- _What is being asked_:
Repeat word for word the lines from the one containing "Elegant Minimal Photo" to the end of the material below, and leave all pictures out.

- _Data provided_:

=== Begin Enclosure ===

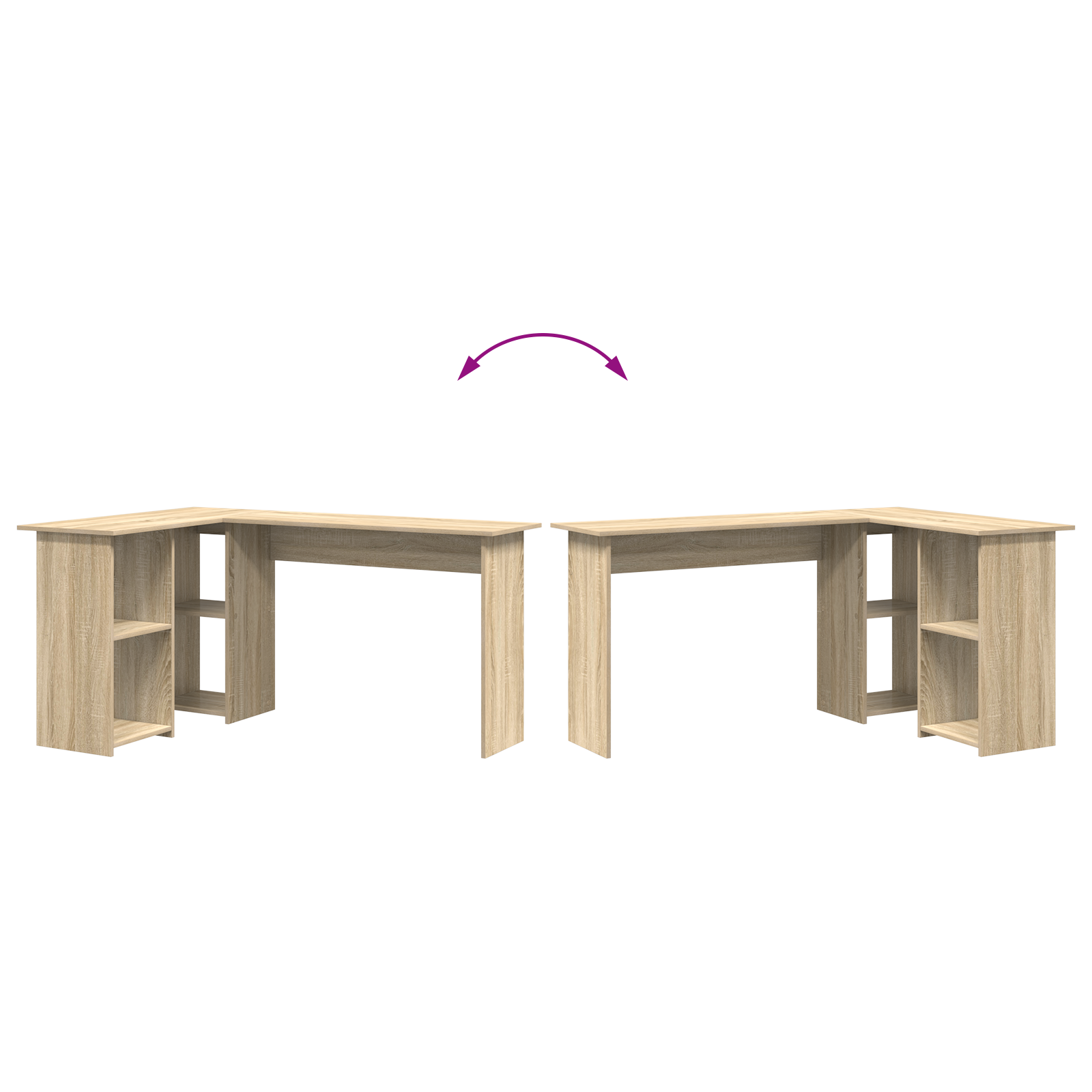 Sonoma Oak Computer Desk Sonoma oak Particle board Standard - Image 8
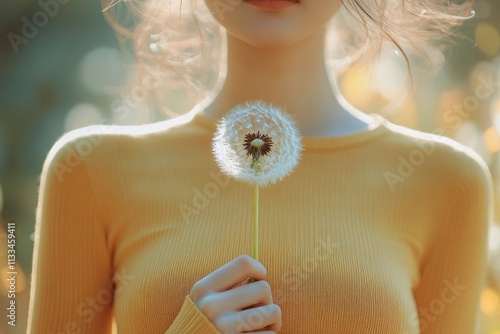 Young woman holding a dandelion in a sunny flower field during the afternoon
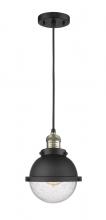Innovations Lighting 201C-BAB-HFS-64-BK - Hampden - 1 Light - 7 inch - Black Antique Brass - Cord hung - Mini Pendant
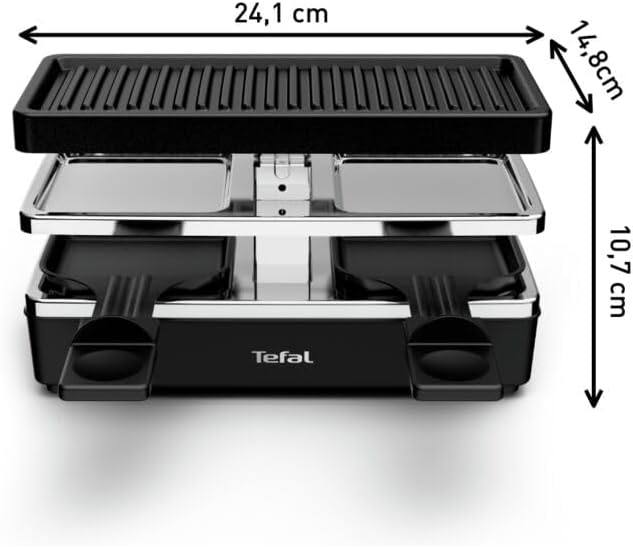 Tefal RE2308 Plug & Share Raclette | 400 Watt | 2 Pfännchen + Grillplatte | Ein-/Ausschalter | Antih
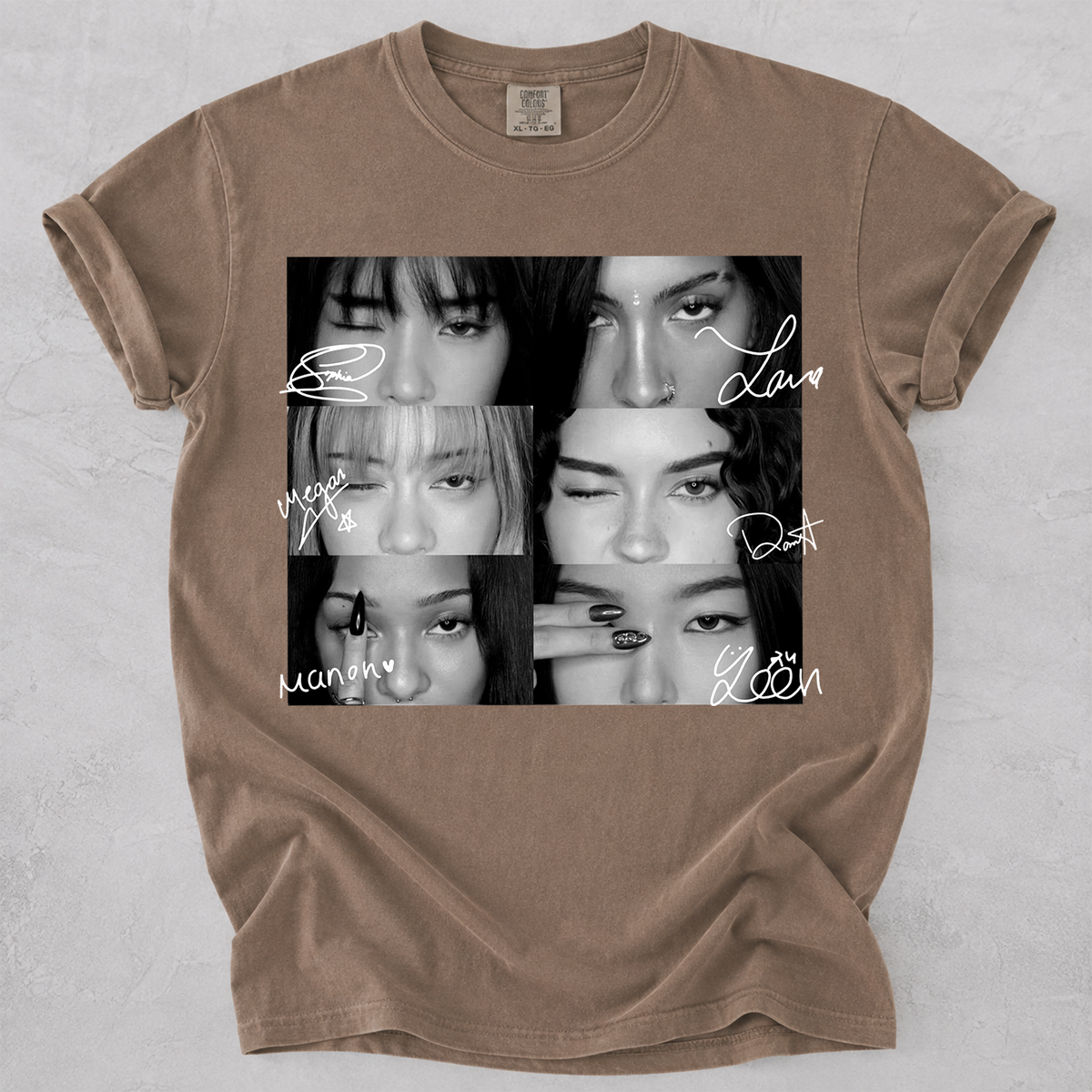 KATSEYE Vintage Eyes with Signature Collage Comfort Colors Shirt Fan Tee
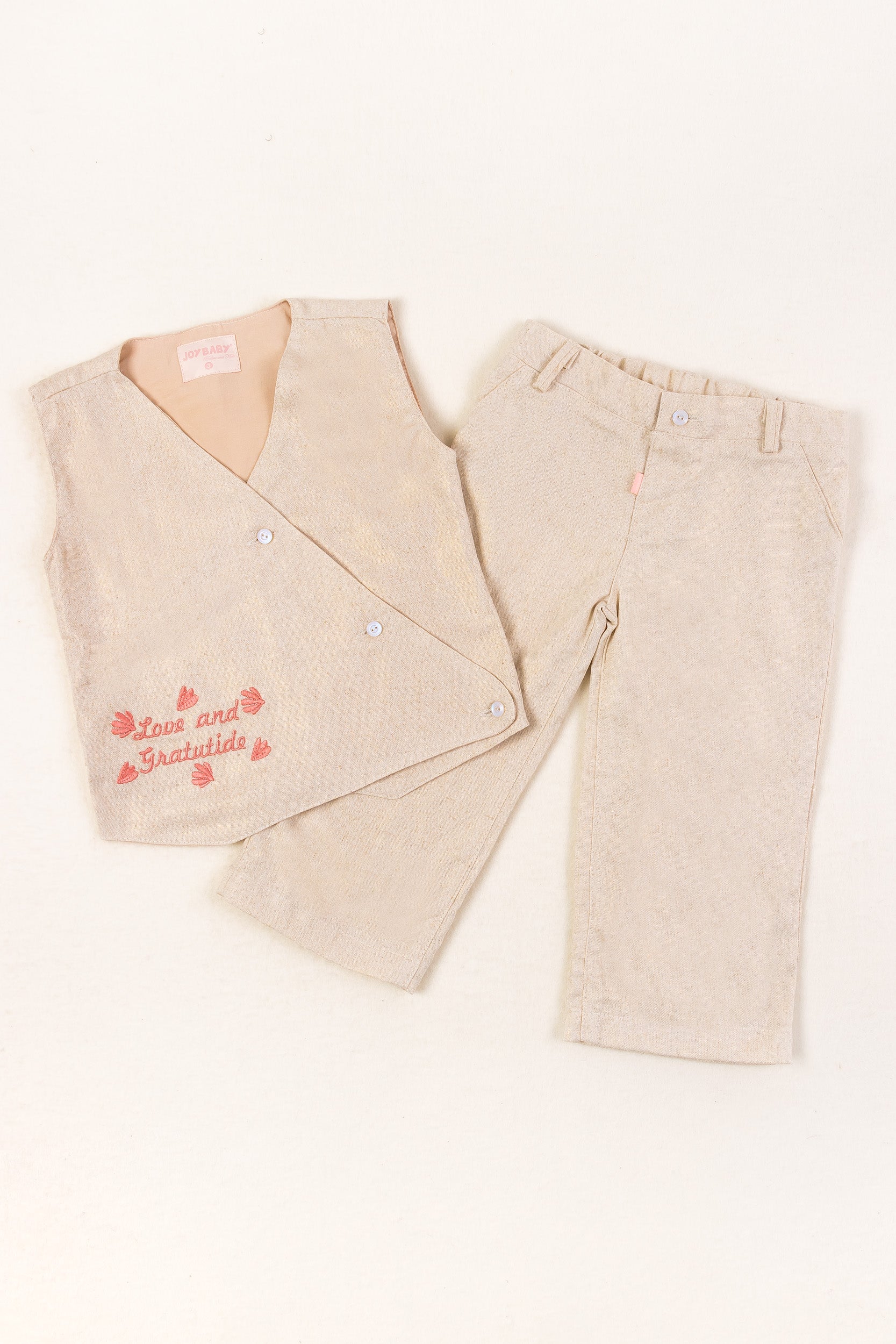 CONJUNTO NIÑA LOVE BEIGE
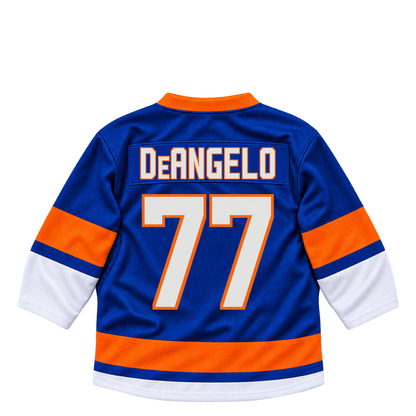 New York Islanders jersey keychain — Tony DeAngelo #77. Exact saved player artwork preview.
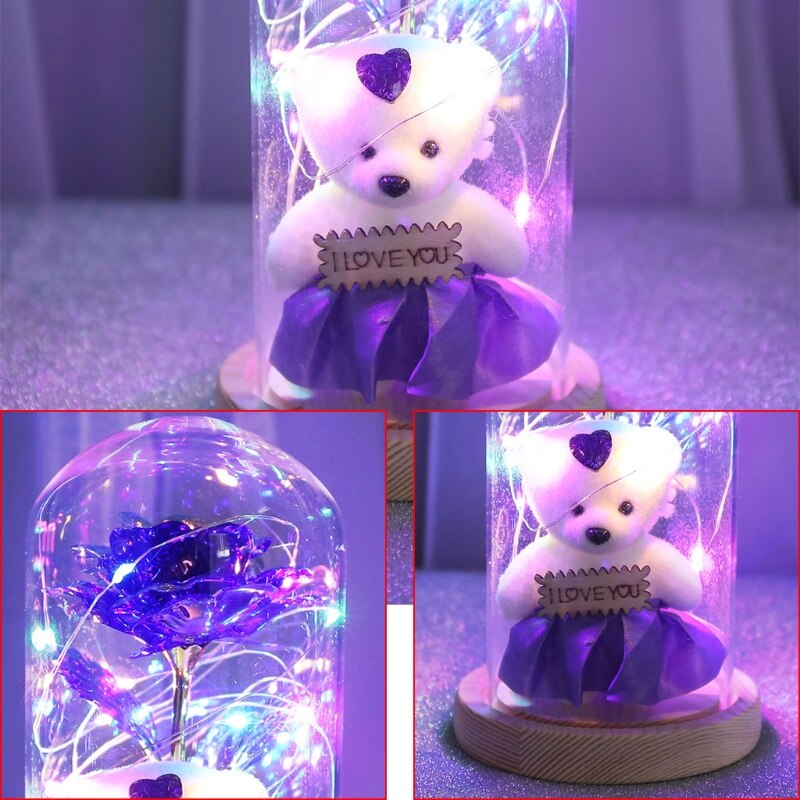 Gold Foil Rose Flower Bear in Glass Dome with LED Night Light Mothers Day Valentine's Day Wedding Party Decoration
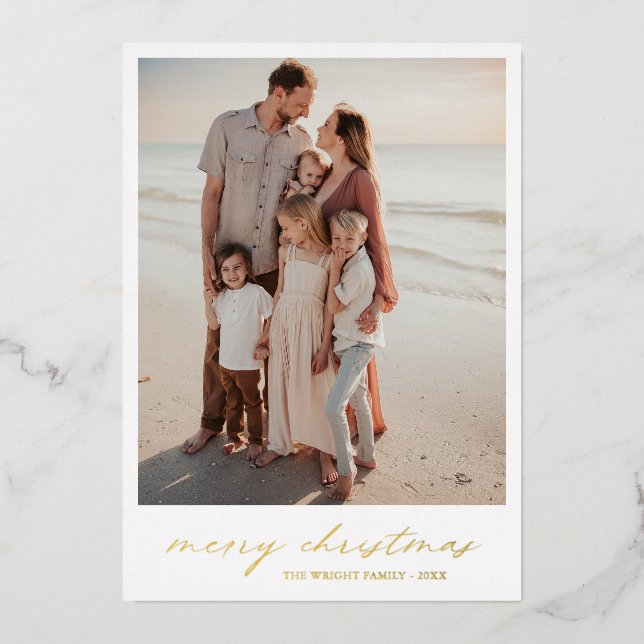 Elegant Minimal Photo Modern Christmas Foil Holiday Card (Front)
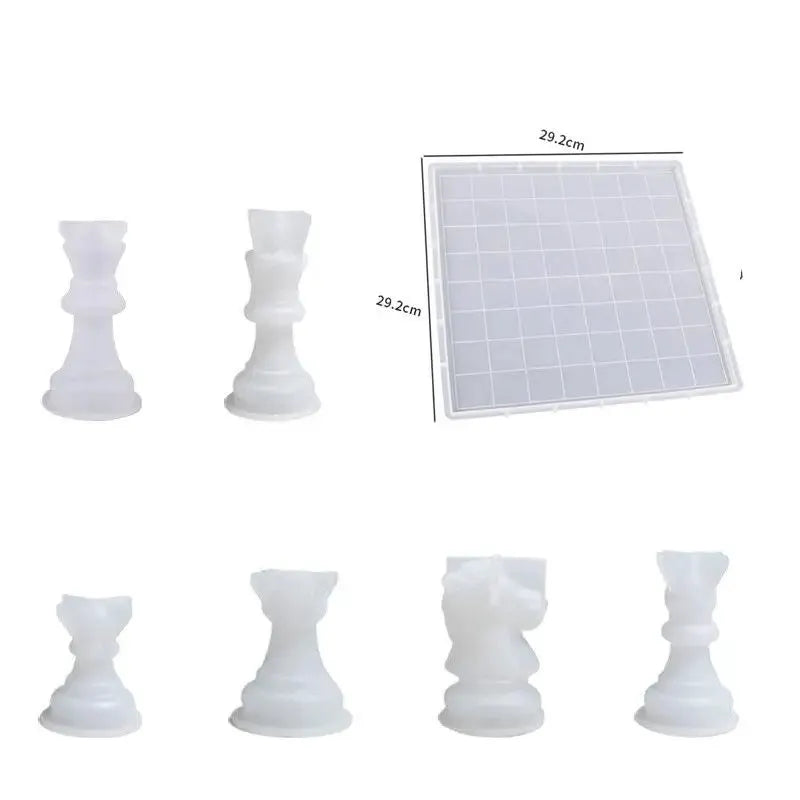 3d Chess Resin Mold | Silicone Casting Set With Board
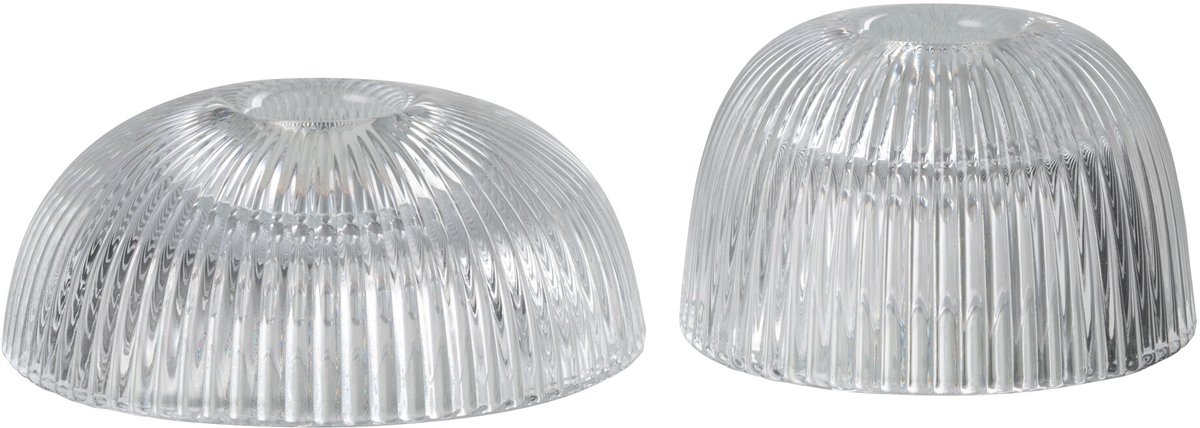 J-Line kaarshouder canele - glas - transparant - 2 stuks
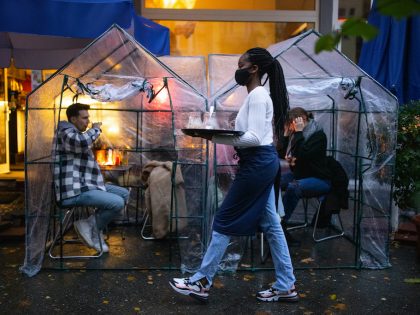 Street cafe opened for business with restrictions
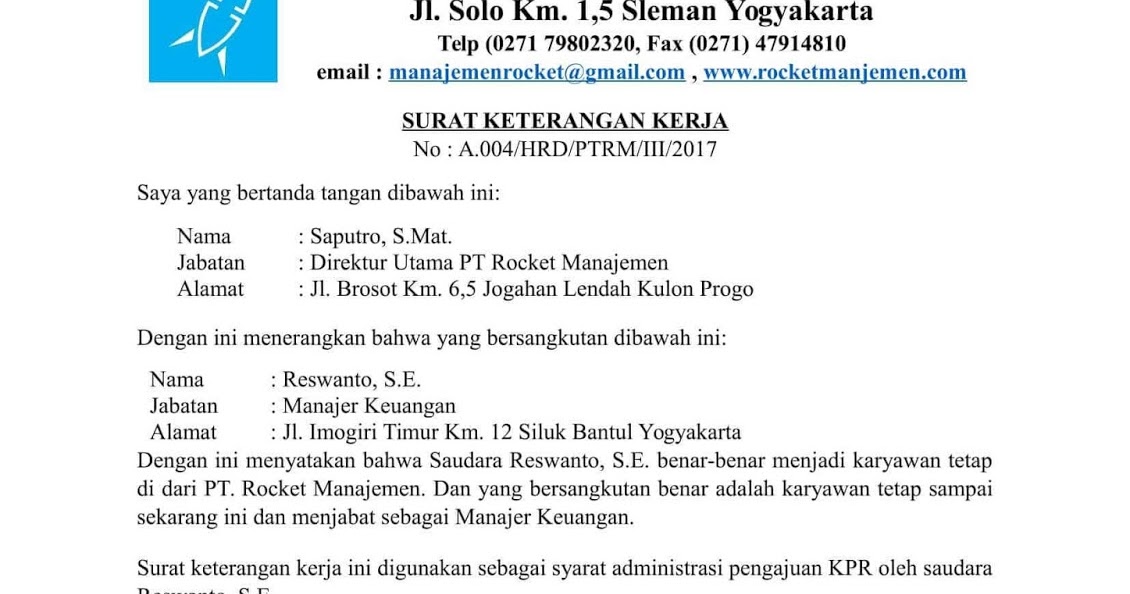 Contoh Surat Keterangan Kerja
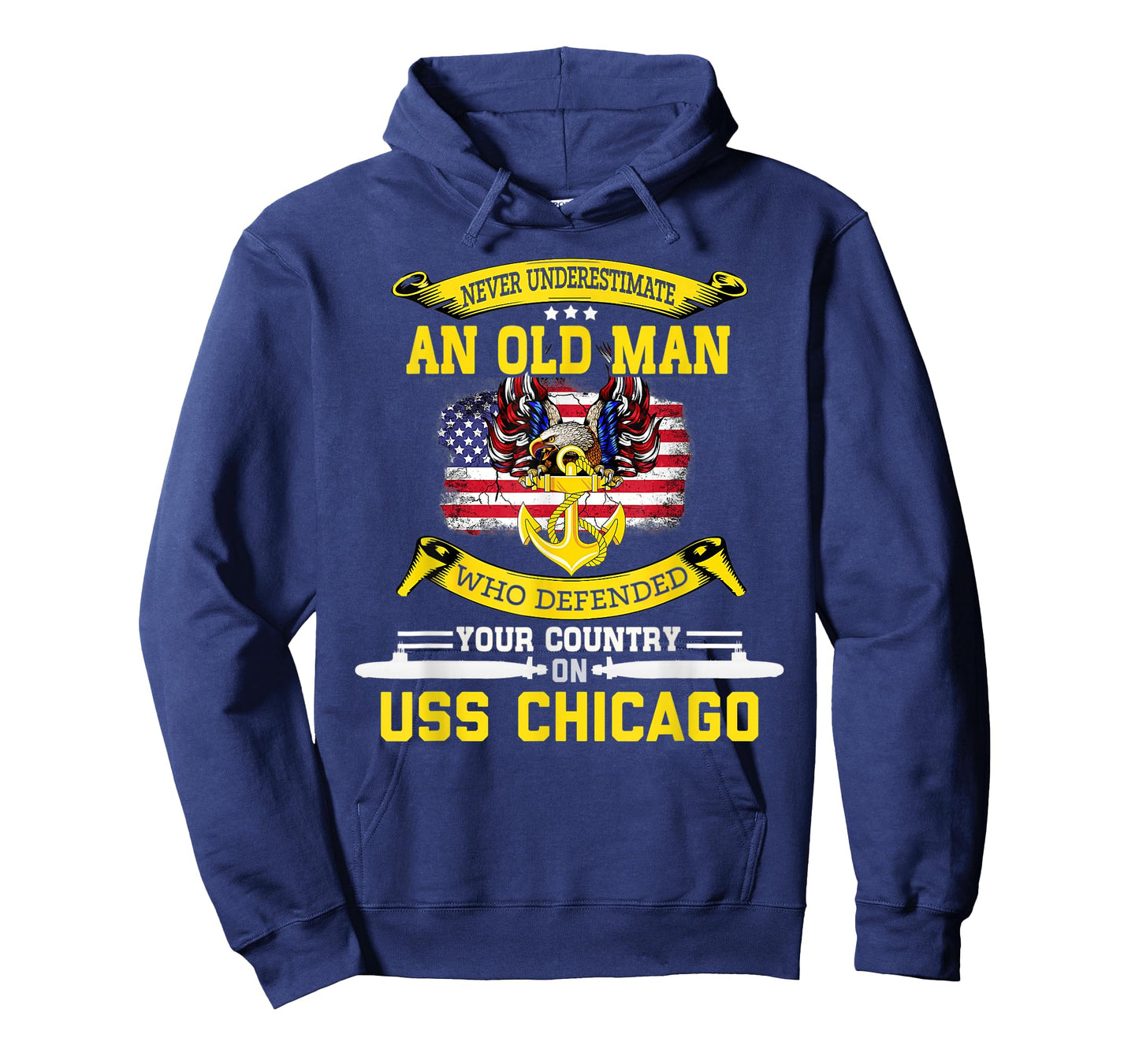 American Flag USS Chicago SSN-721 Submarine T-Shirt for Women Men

=== End Enclosure ===

- _Response to this exercise_:
 Elegant Minimal Photo Modern Christmas Foil Holiday Card (Front)
 3d Chess Resin Mold | Silicone Casting Set With Board
 J-Line kaarshouder canele - glas - transparant - 2 stuks
 Street cafe opened for business with restrictions
 Contoh Surat Keterangan Kerja
 American Flag USS Chicago SSN-721 Submarine T-Shirt for Women Men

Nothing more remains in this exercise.